Until well into the twentieth century he was regarded as a traitor who instigated civil war. But in the 1960s Riel's image began to turn around and today most Canadians, particularly the Métis, have reclaimed him as a heroic patriot, founder of Manitoba and a Father of Confederation.
The Red River resistance began as a group of Metis, led by Riel, worked to preserve their people's rights and culture as their homeland was becoming increasingly threatened by settlers from eastern Canada.
In October 1869, the group halted the work of a Canadian survey party and Riel declared that any attempt by Canada to assume authority in the region would be opposed unless Ottawa first negotiated terms with the Metis.
A provisional government, with Riel as president, was formed in December. But the execution of Thomas Scott, a member of a group of Ontario settlers opposed to Riel's uprising, led to the provisional government's unravelling.
There were calls for Riel to be hanged and the Ontario government offered a bounty for his capture. Riel fled to the United States, where he lived for many years.
In 1870, when Manitoba entered Confederation, it was the terms created by Riel's provisional government that ultimately helped negotiate the agreement.
While a fugitive, Riel was elected three times to the Canadian House of Commons but never assumed his seat. He returned to Canada to represent Metis grievances with Canada once again, this time in Saskatchewan.
The resistance escalated into a military confrontation known as the North-West Rebellion of 1885. Riel was captured, tried, convicted and hanged for treason in Regina that same year.
Time for pride
Since 2008, the third Monday in February has been celebrated as Louis Riel Day in Manitoba.
Abraham said Riel would be happy to know a holiday has been named in his honour.
"I supposed he would be touched and he would be happy. But being proud about it — I guess its our turn to do that," she said.
You can learn more about Riel and Manitoba's Metis heritage at St. Boniface Museum on Tache Avenue, not far from Riel's grave on the grounds of the St.

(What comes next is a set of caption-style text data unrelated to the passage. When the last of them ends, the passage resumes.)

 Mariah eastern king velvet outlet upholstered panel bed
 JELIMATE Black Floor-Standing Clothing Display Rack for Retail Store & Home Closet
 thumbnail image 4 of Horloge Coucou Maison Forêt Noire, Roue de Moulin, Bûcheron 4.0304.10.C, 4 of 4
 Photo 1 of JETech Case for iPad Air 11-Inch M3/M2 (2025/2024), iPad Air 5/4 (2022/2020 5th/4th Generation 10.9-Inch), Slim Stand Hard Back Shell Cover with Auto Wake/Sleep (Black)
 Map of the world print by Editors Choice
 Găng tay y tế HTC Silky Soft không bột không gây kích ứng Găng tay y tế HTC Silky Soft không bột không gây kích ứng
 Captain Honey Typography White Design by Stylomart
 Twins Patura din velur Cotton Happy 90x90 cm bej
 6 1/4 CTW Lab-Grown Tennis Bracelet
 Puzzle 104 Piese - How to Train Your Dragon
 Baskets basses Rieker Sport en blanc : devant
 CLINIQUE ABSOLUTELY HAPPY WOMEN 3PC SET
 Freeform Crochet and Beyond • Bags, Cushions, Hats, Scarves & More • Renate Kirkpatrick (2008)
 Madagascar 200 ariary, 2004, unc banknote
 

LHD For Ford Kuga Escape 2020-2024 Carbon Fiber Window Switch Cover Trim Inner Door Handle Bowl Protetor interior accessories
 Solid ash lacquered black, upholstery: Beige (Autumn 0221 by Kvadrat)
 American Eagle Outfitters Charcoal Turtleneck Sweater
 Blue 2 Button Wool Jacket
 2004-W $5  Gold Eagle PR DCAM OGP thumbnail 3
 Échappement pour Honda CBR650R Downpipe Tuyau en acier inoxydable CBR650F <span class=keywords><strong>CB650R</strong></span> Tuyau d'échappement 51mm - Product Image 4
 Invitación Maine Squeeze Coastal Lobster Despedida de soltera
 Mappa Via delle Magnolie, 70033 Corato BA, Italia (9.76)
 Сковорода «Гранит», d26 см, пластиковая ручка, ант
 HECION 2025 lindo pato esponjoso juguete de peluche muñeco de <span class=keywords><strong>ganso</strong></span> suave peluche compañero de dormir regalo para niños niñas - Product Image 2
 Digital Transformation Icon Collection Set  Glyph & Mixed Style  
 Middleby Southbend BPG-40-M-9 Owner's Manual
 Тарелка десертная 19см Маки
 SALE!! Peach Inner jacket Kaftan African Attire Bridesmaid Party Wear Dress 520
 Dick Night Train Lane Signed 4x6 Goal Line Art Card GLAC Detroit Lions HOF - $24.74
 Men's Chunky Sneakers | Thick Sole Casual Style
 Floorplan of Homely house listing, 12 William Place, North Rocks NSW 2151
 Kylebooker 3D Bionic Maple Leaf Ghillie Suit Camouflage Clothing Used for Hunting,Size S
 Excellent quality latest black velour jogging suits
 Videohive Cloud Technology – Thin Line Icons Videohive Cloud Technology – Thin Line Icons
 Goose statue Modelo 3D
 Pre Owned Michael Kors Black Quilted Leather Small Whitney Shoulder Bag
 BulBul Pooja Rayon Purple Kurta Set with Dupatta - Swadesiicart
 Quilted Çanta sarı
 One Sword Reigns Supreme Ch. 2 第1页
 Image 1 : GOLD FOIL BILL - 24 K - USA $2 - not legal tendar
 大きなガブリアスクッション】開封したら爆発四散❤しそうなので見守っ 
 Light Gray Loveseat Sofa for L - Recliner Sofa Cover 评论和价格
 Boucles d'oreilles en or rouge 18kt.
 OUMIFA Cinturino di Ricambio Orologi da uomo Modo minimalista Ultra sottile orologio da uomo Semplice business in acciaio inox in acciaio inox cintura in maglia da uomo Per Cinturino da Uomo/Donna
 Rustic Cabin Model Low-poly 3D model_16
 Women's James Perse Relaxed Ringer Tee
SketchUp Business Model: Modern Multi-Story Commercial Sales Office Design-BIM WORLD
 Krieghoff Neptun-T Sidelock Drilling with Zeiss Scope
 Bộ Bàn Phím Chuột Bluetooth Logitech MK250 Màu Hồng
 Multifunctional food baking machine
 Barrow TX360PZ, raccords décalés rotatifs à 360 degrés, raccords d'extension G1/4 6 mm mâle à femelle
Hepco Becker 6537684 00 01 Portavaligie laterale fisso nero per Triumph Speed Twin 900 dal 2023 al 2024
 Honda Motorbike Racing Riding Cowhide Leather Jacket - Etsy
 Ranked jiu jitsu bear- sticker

Boniface Cathedral cemetery.
Museum director Philippe Mailhot said there is plenty to check out, including experts from the Louis Riel institute, documents from the historical society and the famed Bell of Batoche.
The 20-pound silver church bell was seized in 1885 as spoils of war by Ontario soldiers from the Metis community of Batoche, Sask.during the North-West Rebellion.
It eventually ended up in a Royal Canadian Legion hall in Millbrook, Ont. But in 1991, the bell was taken by a Metis man, Billyjo Delaronde, from Manitoba.
He held on to it until handing it over in 2013 to the Catholic Diocese of Prince Albert, which includes Batoche.
Delaronde, who said he and four other Metis friends took the bell from the legion hall, noted that in 1967 the federal government asked the Millbrook Legion to turn over the bell and return it to Batoche, but the request was refused.
"I believe I repatriated the bell," he said last summer at the Back to Batoche Days festival.
"There was no intention of ever stealing the bell from them, because it was ours."